[Short text fragments from websites]

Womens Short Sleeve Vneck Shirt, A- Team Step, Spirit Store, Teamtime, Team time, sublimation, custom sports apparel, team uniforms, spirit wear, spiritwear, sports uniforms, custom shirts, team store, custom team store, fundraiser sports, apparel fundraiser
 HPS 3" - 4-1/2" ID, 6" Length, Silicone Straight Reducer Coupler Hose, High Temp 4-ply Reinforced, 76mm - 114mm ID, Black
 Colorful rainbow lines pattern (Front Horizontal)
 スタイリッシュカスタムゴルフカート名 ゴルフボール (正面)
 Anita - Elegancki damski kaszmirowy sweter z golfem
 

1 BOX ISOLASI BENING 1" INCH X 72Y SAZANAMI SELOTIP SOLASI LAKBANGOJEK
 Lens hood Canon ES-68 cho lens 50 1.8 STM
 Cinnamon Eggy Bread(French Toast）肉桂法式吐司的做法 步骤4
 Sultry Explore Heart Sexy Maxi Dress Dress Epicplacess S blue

Work order
Please return the records above in their exact form.

Task answer
Womens Short Sleeve Vneck Shirt, A- Team Step, Spirit Store, Teamtime, Team time, sublimation, custom sports apparel, team uniforms, spirit wear, spiritwear, sports uniforms, custom shirts, team store, custom team store, fundraiser sports, apparel fundraiser
 HPS 3" - 4-1/2" ID, 6" Length, Silicone Straight Reducer Coupler Hose, High Temp 4-ply Reinforced, 76mm - 114mm ID, Black
 Colorful rainbow lines pattern (Front Horizontal)
 スタイリッシュカスタムゴルフカート名 ゴルフボール (正面)
 Anita - Elegancki damski kaszmirowy sweter z golfem
 

1 BOX ISOLASI BENING 1" INCH X 72Y SAZANAMI SELOTIP SOLASI LAKBANGOJEK
 Lens hood Canon ES-68 cho lens 50 1.8 STM
 Cinnamon Eggy Bread(French Toast）肉桂法式吐司的做法 步骤4
 Sultry Explore Heart Sexy Maxi Dress Dress Epicplacess S blue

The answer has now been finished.